Recording artist sensation Chris Brown’s new album, “X” was initially slated to be released in July 2013 but complications with Brown’s personal life, including a stint in an anger management rehabilitation center, pushed the album’s launch date to mid September.
“X” is the sixth studio album of Brown’s career and marks the second CD under the RCA Record label.
The first three singles that Brown released were not included in the standard 18-track album but can be found in the deluxe edition of the album, which makes the 21-song version a more appealing product.
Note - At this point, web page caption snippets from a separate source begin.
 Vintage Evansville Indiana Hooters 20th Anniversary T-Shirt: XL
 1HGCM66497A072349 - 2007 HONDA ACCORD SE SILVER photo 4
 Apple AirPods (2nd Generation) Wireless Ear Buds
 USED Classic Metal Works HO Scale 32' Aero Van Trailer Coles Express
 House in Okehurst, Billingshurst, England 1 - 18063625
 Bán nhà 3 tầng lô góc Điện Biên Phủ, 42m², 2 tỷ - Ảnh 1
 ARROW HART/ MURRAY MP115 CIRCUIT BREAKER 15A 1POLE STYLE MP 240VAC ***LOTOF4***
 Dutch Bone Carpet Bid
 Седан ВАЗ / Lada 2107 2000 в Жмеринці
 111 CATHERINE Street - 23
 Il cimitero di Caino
The most popular track on the album is “Loyal,” which ended up being played on numerous radio stations throughout the summer.
On Dec. 19, Brown initially released two different versions of this song, a west and east coast version. Brown and rapper Lil Wayne are the mainstays of both songs but rappers French Montana and Too Short each recite a verse in the East Coast and West Coast versions respectively.
However, both versions are forgettable as Tyga raps the last verse in the music video and the song that eventually ended up on the album.
The title track, “X,” is the first song on the album and is a good indicator of what is in store. Electronic Dance Music is sprinkled throughout the album and it can be first seen here.
The drops during the song were ineffective and gives off the vibe that Brown was focusing on creating club anthems.
The album fails to establish a musical theme as some songs fit under either the EDM category, R&B; or hip-hop. It is inconsistent and would have been in Brown’s best interest to stick with one genre.
One of the stronger singles on the album, “New Flame,” features the varied musical styles of Usher and Rick Ross. Usher, like Brown, was arguably the top performer in R&B; at one point, which makes this collaboration extraordinary.
Brown collaborates with one of hip-hop’s hottest artists in Kendrick Lamar on “Autumn Leaves” and this combination does not disappoint.
The beat of the song is played with a subdued manner. Brown is good for at least one standout track that isn’t a party hit but an under-the-radar slow jam and this is it. Lamar’s rapping matches Brown’s mood at first but slowly raises the intensity in his voice and raises his voice to a crescendo and increases the speed of his rhymes as well.
“X” does not top Brown’s earlier work in terms of overall quality but the new release is still a decent production. There are just enough hits to be passable but the rest of the songs seem like filler songs and are not too memorable.
“X” is not the fireworks ending fans were hoping for but nevertheless, Brown should be proud of what he has accomplished in his music career.